We now consider the problem of maximizing $f(x)$ subject to an inequality constraint of the form $g(x) \geq 0$, as illustrated in the below figure.
There are now two kinds of solution possible, according to whether the constrained stationary point lies in the region where $g(x) > 0$, in which case the constraint is inactive, or whether it lies on the boundary $g(x) = 0$, in which case the constraint is said to be active. In the former case, the function $g(x)$ plays no role and so the stationary condition is simply $\nabla f(x) = 0$ which corresponds to the stationary point of the Lagrange function with $\lambda = 0$. The latter case, where the solution lies on the boundary, is analogous to the equality constraint discussed previously and corresponds to a stationary point of the Lagrange function with $\lambda \neq 0$.

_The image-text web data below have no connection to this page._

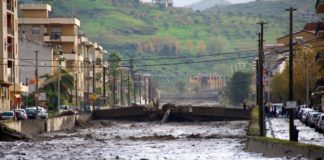Alluvione nel messinese, bimbo di 10 anni tra vittime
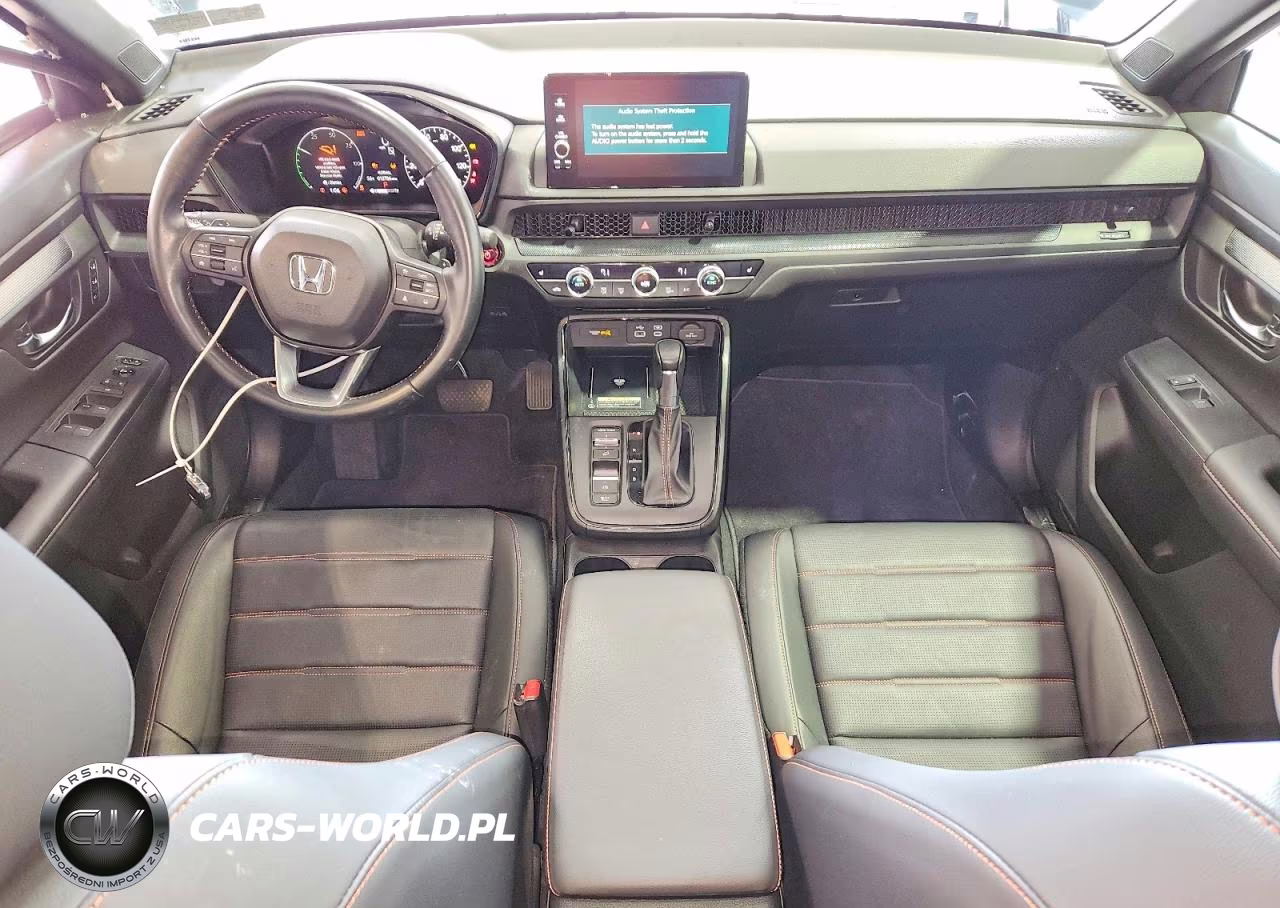 2025 Honda Cr-V Sport-L VIN:7FARS6H8XSE084688 - 8
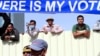 Final Results Hand Cambodian Ruling Party Poll Win 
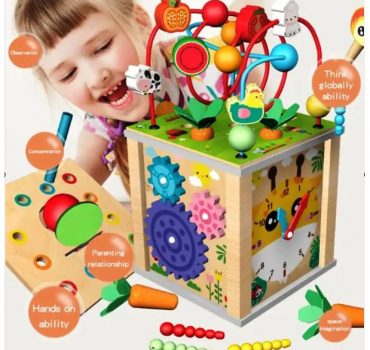 Логическая игра из дерева 74364
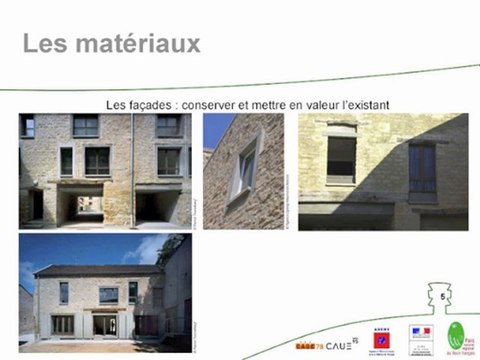 Conférence urbanisme durable - Réhabilitation ferme Juziers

Now, however, the sign of the Lagrange multiplier is crucial, because the function $f(x)$ will only be at a maximum if its gradient is oriented away from the region $g(x) > 0$, as illustrated in the above figure. We therefore have $\nabla f(x) = −\lambda \nabla g(x)$ for some value of $\lambda > 0$.
For either of these two cases, the product $\lambda g(x) = 0$. Hence, the solution to the problem of maximizing $f(x)$ subject to the constratint $g(x) \geq 0$ is obtained by optimizing the Lagrange function with respect to $x,\lambda$ subject to the conditions
$$\begin{align} g(x) \geq 0 \end{align}$$
$$\begin{align} \lambda \geq 0 \end{align}$$
$$\begin{align} \lambda g(x) = 0 \end{align}$$
These are known as the Karush-Kuhn-Tucker (KKT) conditions.

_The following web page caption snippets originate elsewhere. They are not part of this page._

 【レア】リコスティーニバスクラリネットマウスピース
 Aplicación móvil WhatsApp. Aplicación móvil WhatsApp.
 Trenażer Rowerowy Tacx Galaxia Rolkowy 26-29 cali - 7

Note that if we wish to minimize (rather than maximize) the function $f(x)$ subject to an inequality constraint $g(x) \geq 0$, then we minimize the Lagrangian function $L(x, \lambda) = f(x) - \lambda g(x) $ with respect to x, again subject to $\lambda \geq 0$. Finally, it is straightforward to extend the technique of Lagrange multipliers to the case of multiple equality and inequality constraints.